(Provided data begins)

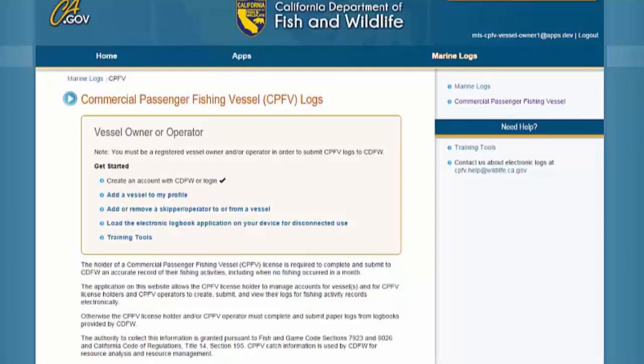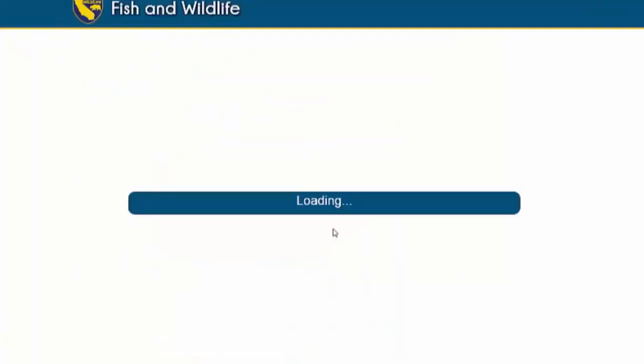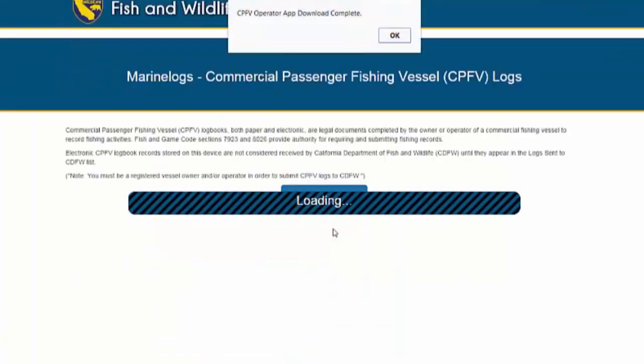After logging in at the CPFE Logs homepage, select the link that reads: Load the Electronic Logbook Application on Your Device for Disconnected Use. You will see a message letting you know that the app is downloading. Click the OK button.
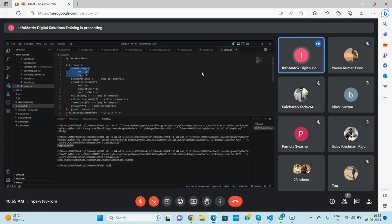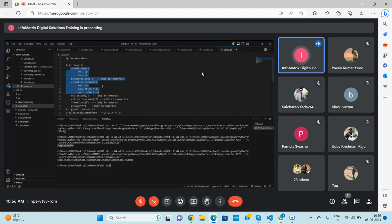Try with all the data types — don't just try a single data type. Try with all combinations, and send me screenshots whether you get output, no output, or an error. Try completely with all arithmetic operators before moving to the next operator.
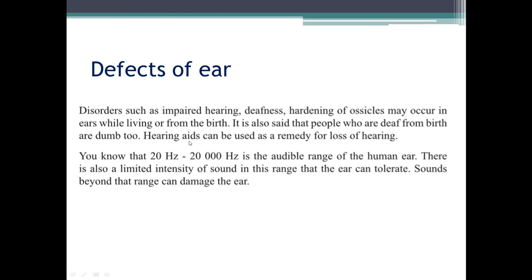Defects of the ear: hearing loss, deafness, and hardening of the ossicles may occur during life or from birth. The audible range of the human ear is 20 hertz to 20,000 hertz. There is also a limited intensity of sound that the ear can tolerate — sound beyond this range can damage the ear.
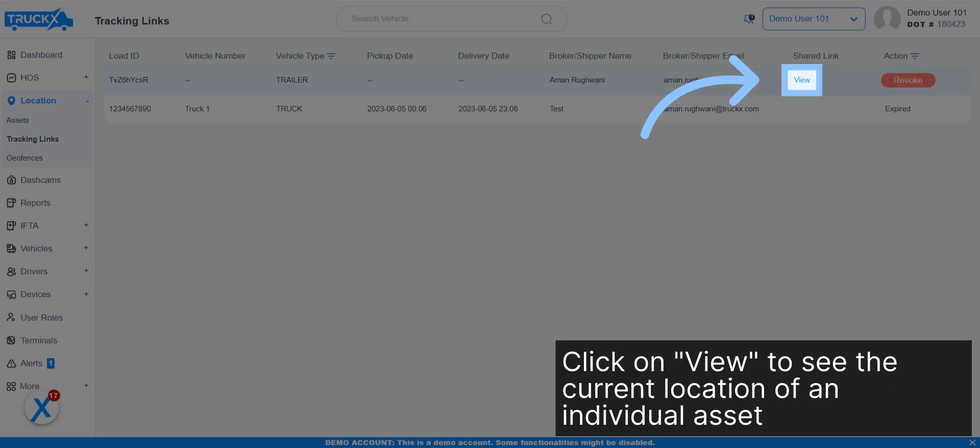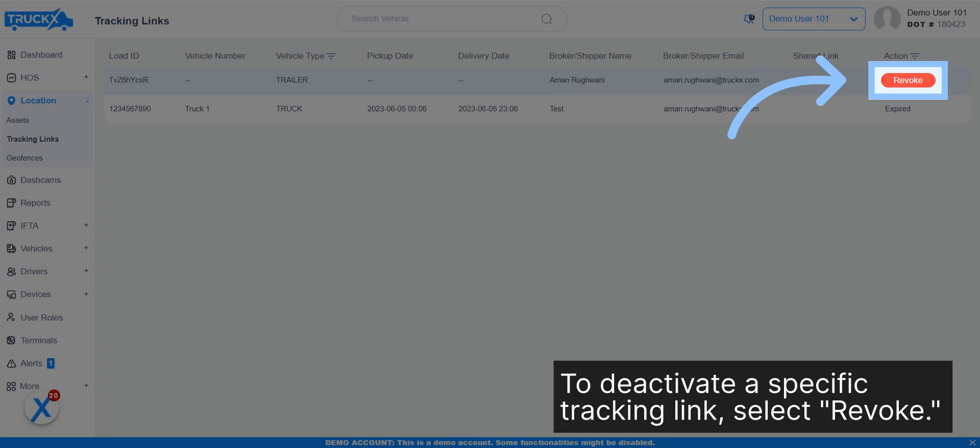Click on View to see the current location of an individual asset. To deactivate a specific tracking link, select Revoke.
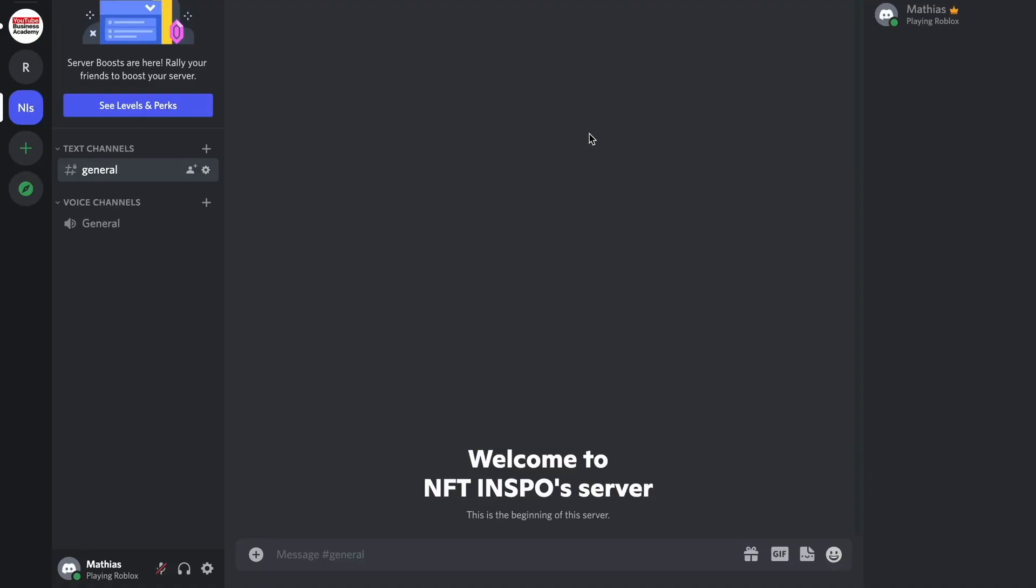So what I'm going to do first is to go into my Discord application on my computer and then log into my Discord account. And now as you can see I'm currently on my Discord account right now.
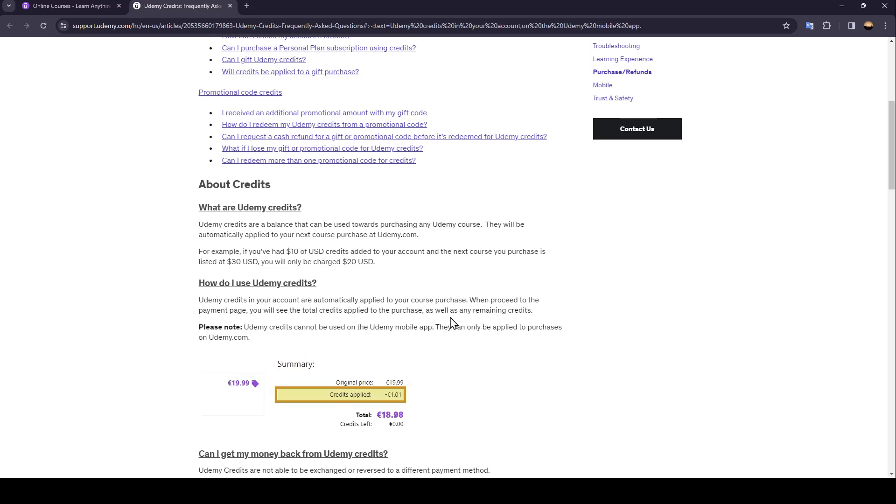Please note that Udemy Credits cannot be used on the Udemy mobile app. They can only be applied to purchases on Udemy.com.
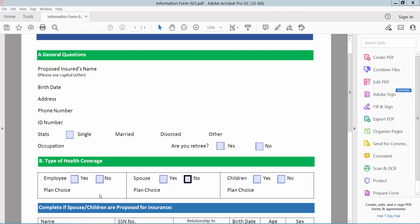Hello everyone, today I will show you how to make multiple checkboxes in PDF using Adobe Acrobat Pro DC.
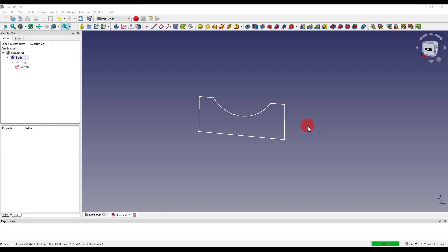Hello and welcome to another FreeCAD tutorial with me, Andrew. Today I'm going to be showing you something new to 0.19 that I only stumbled across while researching another video. It's the additive and subtractive helix within the part design workbench. I'm going to go over a few examples of the two and hopefully add a new tool to your CAD toolkit.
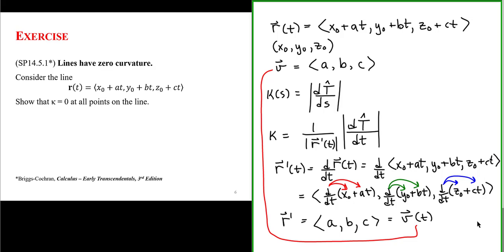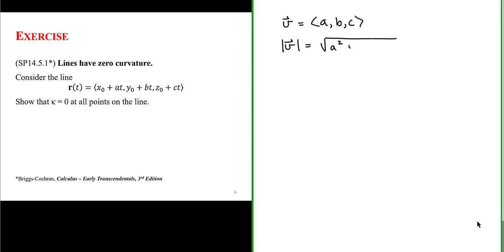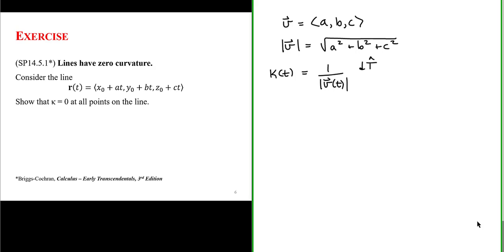Now let's find the magnitude of the velocity vector. Since it has components a, b, and c, its magnitude equals the square root of a squared plus b squared plus c squared. We're trying to show curvature is zero, and the definition requires one over the magnitude of the velocity times the rate of change of the unit tangent vector. We now have the magnitude of the velocity portion, so we need the derivative of the unit tangent vector with respect to t.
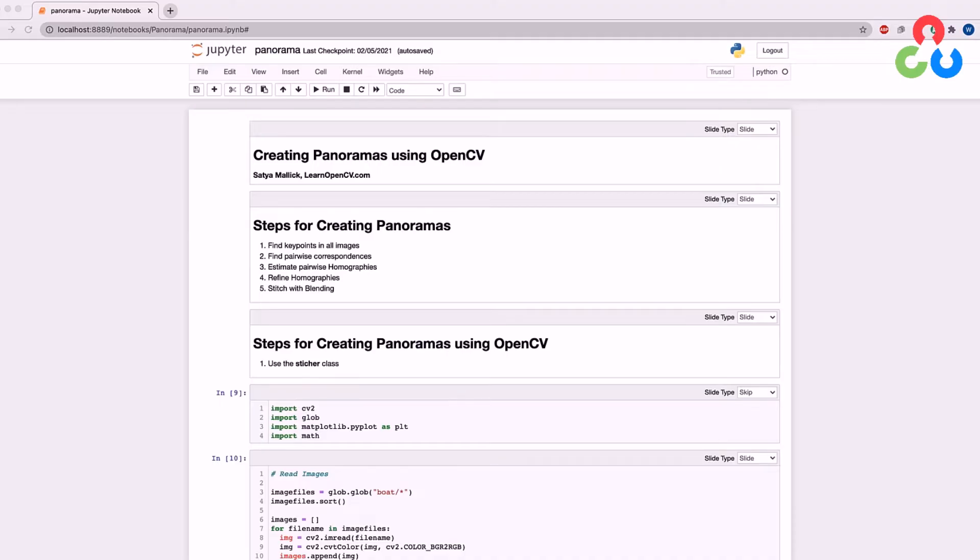And we also need to estimate the homographies to facilitate image warping. And then once images have been transformed in this way, we need an additional step to stitch and blend the images together so they look realistic.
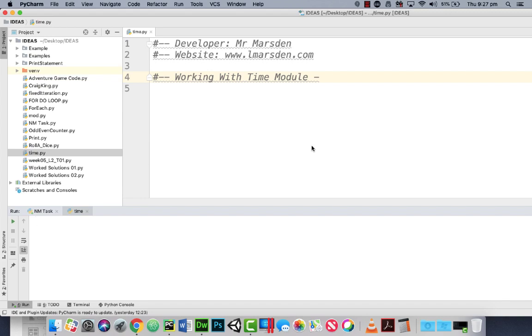In this code snippet session we're going to have a look at using the time module and in particular we're going to have a look at using the sleep function.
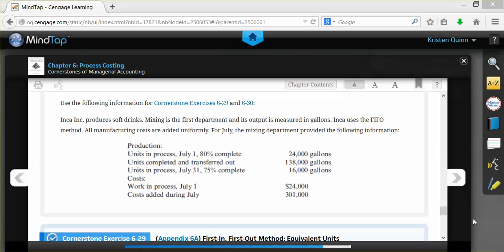There were units in process on July 1st that have already been completed 80%. We also have units that were completed and transferred out, totaling 138,000 gallons. And we have units in process as of July 31st that were 75% complete, totaling 16,000 gallons. They also give us cost information for July, including beginning work in process and costs added during July.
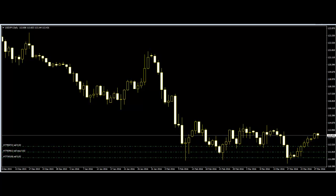In every major market, no trade can take place unless there is at least one institution willing to take the buy side and another the sell side. Institutions dominate all major markets. Individual traders are simply not big enough to have any effect.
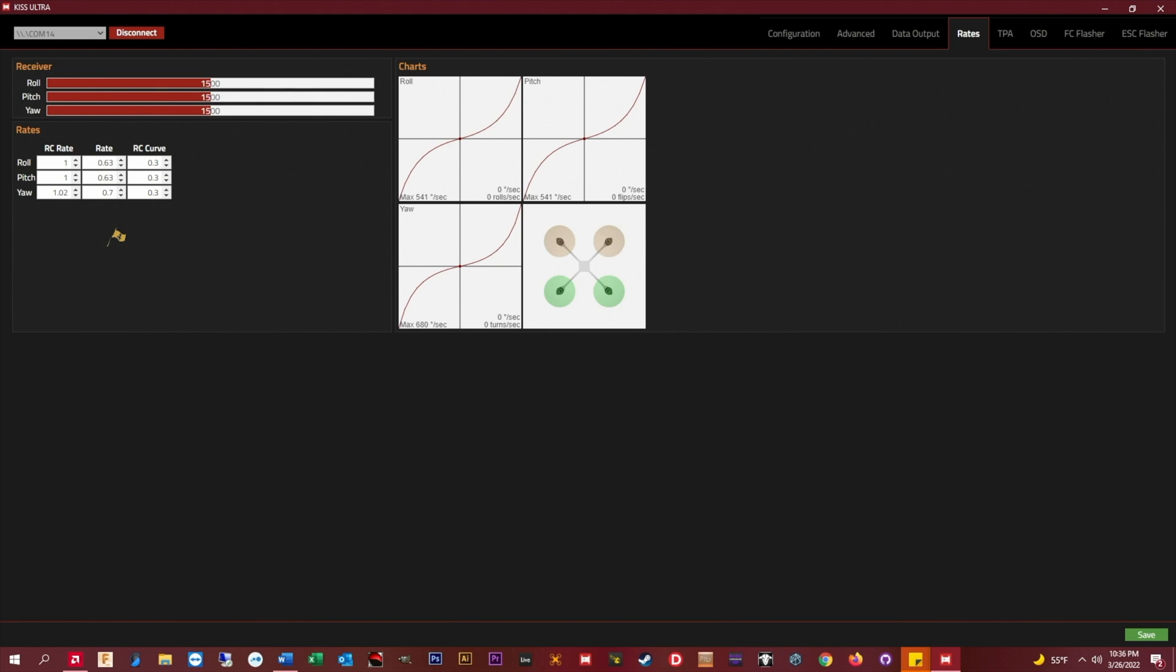but the max rate per axis will always remain the same, how you have it set with your rate column. That's the nice thing about this method and using the RC curve to adjust the center stick and the transition area.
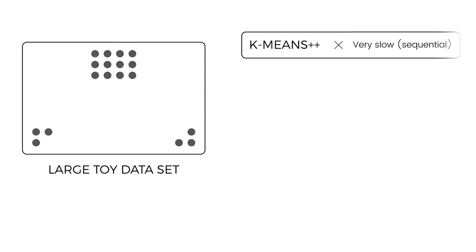The simplest approach would be to run a state-of-the-art algorithm such as k-means++ on this full dataset. However, due to the large dataset size and the sequential nature of k-means++, this approach can be computationally prohibitive.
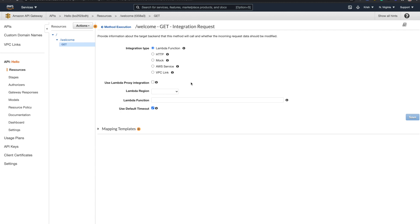So here you have a very important concept to understand. There are two ways you can integrate API gateway to Lambda. One is as a Lambda function, second one is as a Lambda proxy. It's very different in these two. So let me explain to you.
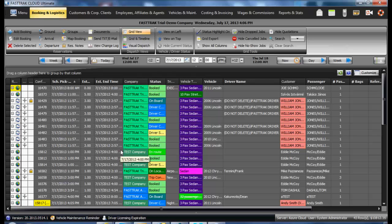In the FastTrack Cloud system, all reservations must be tied to a customer profile. You may also add a new customer prior to booking the reservation, or utilize an existing customer profile.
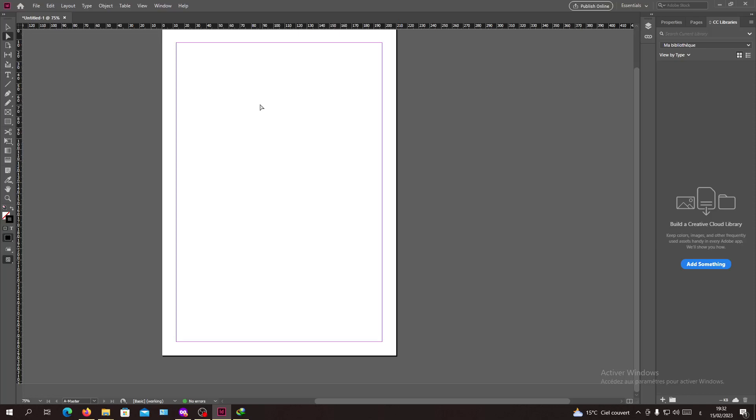Hello guys and welcome to another tutorial. Today I'm going to show you how to update your table of contents in Adobe InDesign. Now open your Adobe InDesign and follow these simple steps.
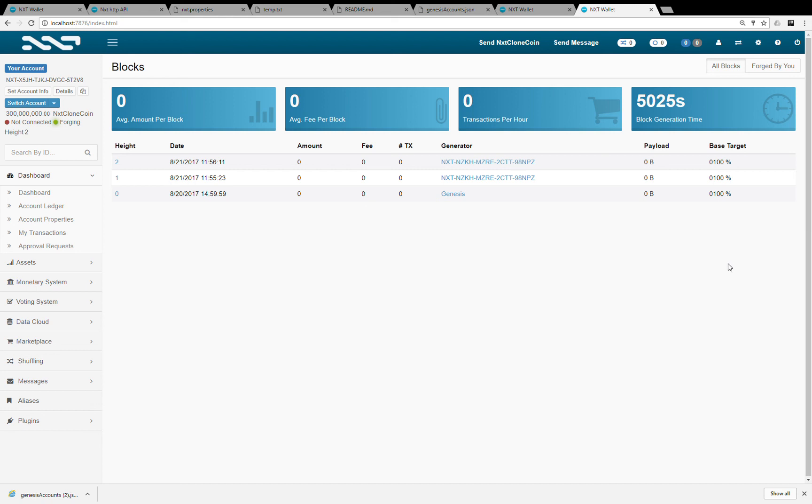So this has been the explanation about how to create an NXT blockchain starter kit. Thank you very much.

(Provided data ends)

**The problem:**
The records above should be returned word for word, with every picture left out.

**Exercise output:**
After logging in at the CPFE Logs homepage, select the link that reads: Load the Electronic Logbook Application on Your Device for Disconnected Use. You will see a message letting you know that the app is downloading. Click the OK button.
Try with all the data types — don't just try a single data type. Try with all combinations, and send me screenshots whether you get output, no output, or an error. Try completely with all arithmetic operators before moving to the next operator.
Defects of the ear: hearing loss, deafness, and hardening of the ossicles may occur during life or from birth. The audible range of the human ear is 20 hertz to 20,000 hertz. There is also a limited intensity of sound that the ear can tolerate — sound beyond this range can damage the ear.
Click on View to see the current location of an individual asset. To deactivate a specific tracking link, select Revoke.
So what I'm going to do first is to go into my Discord application on my computer and then log into my Discord account. And now as you can see I'm currently on my Discord account right now.
Please note that Udemy Credits cannot be used on the Udemy mobile app. They can only be applied to purchases on Udemy.com.
Hello everyone, today I will show you how to make multiple checkboxes in PDF using Adobe Acrobat Pro DC.
Hello and welcome to another FreeCAD tutorial with me, Andrew. Today I'm going to be showing you something new to 0.19 that I only stumbled across while researching another video. It's the additive and subtractive helix within the part design workbench. I'm going to go over a few examples of the two and hopefully add a new tool to your CAD toolkit.
Now let's find the magnitude of the velocity vector. Since it has components a, b, and c, its magnitude equals the square root of a squared plus b squared plus c squared. We're trying to show curvature is zero, and the definition requires one over the magnitude of the velocity times the rate of change of the unit tangent vector. We now have the magnitude of the velocity portion, so we need the derivative of the unit tangent vector with respect to t.
And we also need to estimate the homographies to facilitate image warping. And then once images have been transformed in this way, we need an additional step to stitch and blend the images together so they look realistic.
In this code snippet session we're going to have a look at using the time module and in particular we're going to have a look at using the sleep function.
There were units in process on July 1st that have already been completed 80%. We also have units that were completed and transferred out, totaling 138,000 gallons. And we have units in process as of July 31st that were 75% complete, totaling 16,000 gallons. They also give us cost information for July, including beginning work in process and costs added during July.
In every major market, no trade can take place unless there is at least one institution willing to take the buy side and another the sell side. Institutions dominate all major markets. Individual traders are simply not big enough to have any effect.
but the max rate per axis will always remain the same, how you have it set with your rate column. That's the nice thing about this method and using the RC curve to adjust the center stick and the transition area.
The simplest approach would be to run a state-of-the-art algorithm such as k-means++ on this full dataset. However, due to the large dataset size and the sequential nature of k-means++, this approach can be computationally prohibitive.
So here you have a very important concept to understand. There are two ways you can integrate API gateway to Lambda. One is as a Lambda function, second one is as a Lambda proxy. It's very different in these two. So let me explain to you.
In the FastTrack Cloud system, all reservations must be tied to a customer profile. You may also add a new customer prior to booking the reservation, or utilize an existing customer profile.
Hello guys and welcome to another tutorial. Today I'm going to show you how to update your table of contents in Adobe InDesign. Now open your Adobe InDesign and follow these simple steps.
So this has been the explanation about how to create an NXT blockchain starter kit. Thank you very much.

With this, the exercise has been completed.